:: Exercise instructions ::
Write out the lines below once more, exactly as they appear. Do not include pictures.

:: Stored data ::
+ + +
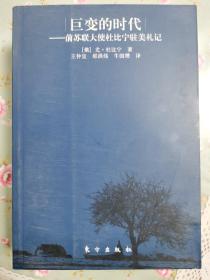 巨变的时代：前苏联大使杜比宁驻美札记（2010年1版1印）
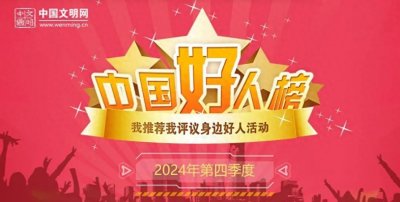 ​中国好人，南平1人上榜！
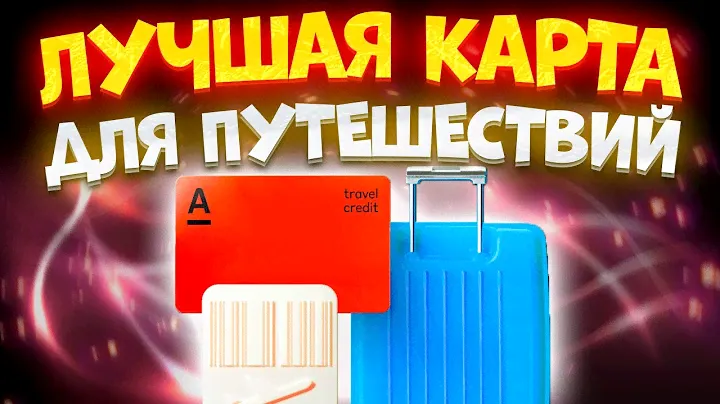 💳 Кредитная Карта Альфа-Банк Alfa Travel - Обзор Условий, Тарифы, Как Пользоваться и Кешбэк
+ + +
:: Expected answer ::
 巨变的时代：前苏联大使杜比宁驻美札记（2010年1版1印）
 ​中国好人，南平1人上榜！
 💳 Кредитная Карта Альфа-Банк Alfa Travel - Обзор Условий, Тарифы, Как Пользоваться и Кешбэк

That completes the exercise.